● EXERCISE PROMPT:
Omitting the pictures, print every line below exactly as it stands.

================================

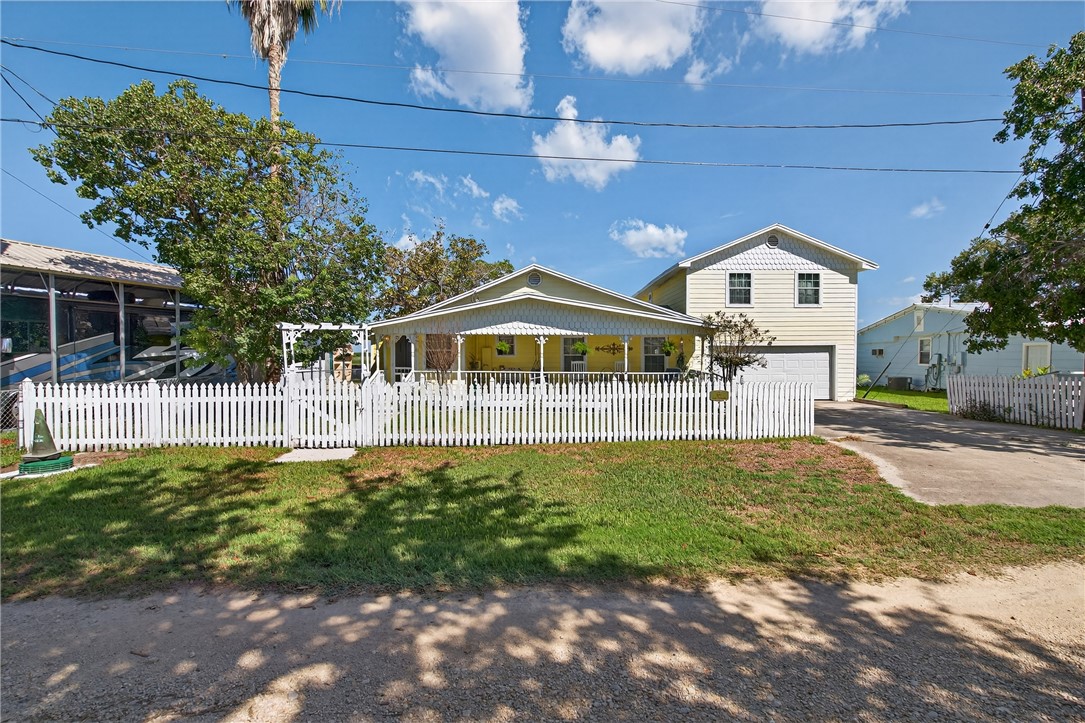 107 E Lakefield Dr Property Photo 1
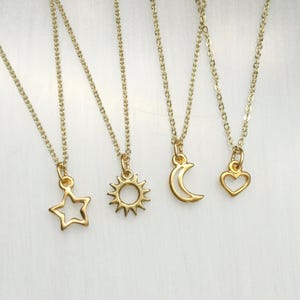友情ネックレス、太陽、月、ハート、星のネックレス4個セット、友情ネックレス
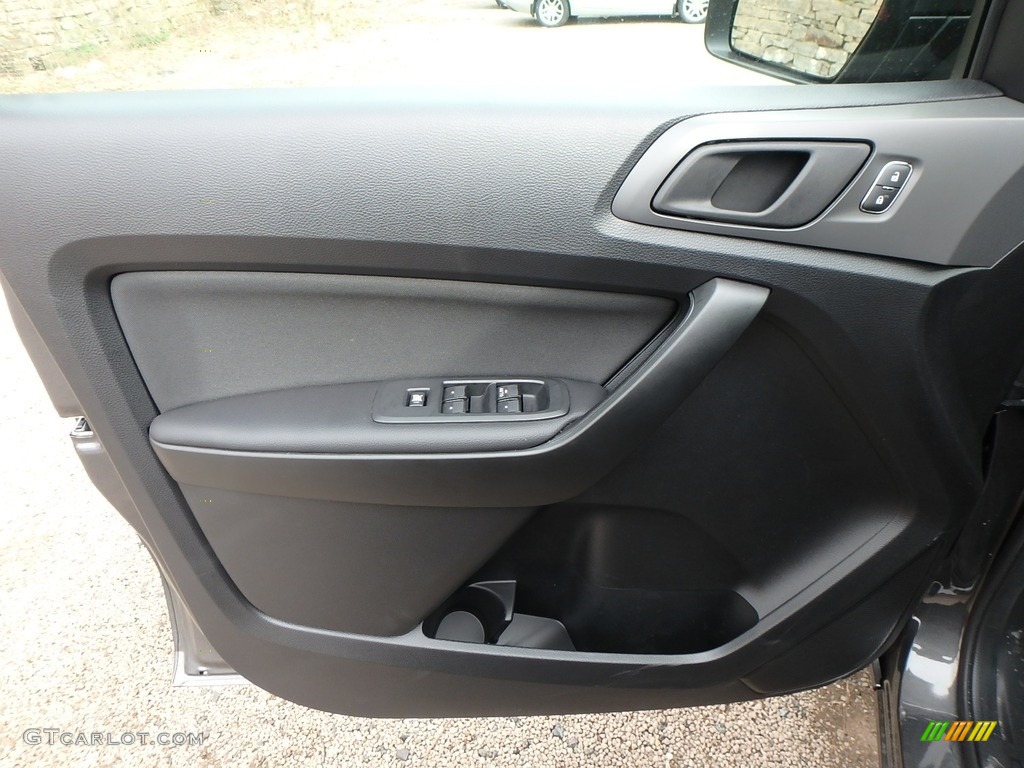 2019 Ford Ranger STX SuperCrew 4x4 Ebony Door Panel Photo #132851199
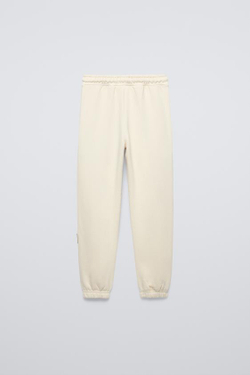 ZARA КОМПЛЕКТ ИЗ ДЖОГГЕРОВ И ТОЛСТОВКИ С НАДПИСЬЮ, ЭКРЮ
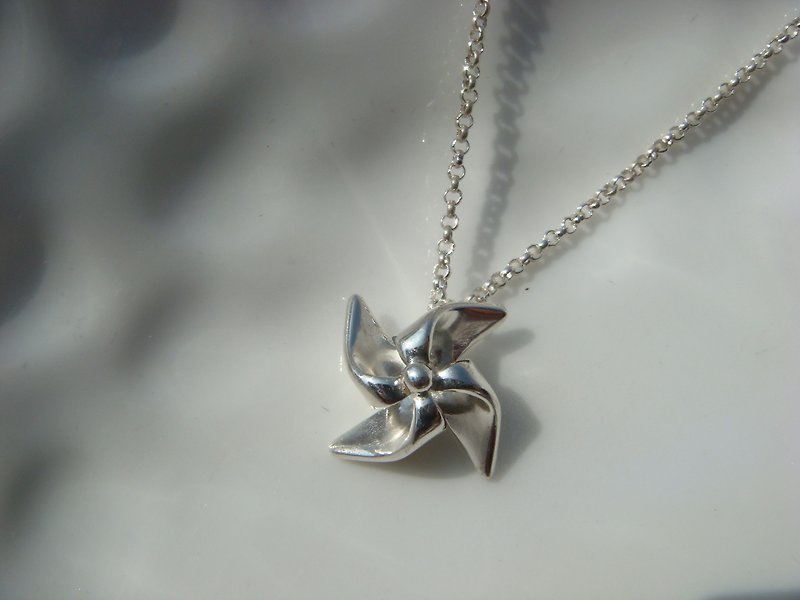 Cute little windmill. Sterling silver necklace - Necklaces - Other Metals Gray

================================

● TASK RESPONSE:
 107 E Lakefield Dr Property Photo 1
友情ネックレス、太陽、月、ハート、星のネックレス4個セット、友情ネックレス
 2019 Ford Ranger STX SuperCrew 4x4 Ebony Door Panel Photo #132851199
 ZARA КОМПЛЕКТ ИЗ ДЖОГГЕРОВ И ТОЛСТОВКИ С НАДПИСЬЮ, ЭКРЮ
 Cute little windmill. Sterling silver necklace - Necklaces - Other Metals Gray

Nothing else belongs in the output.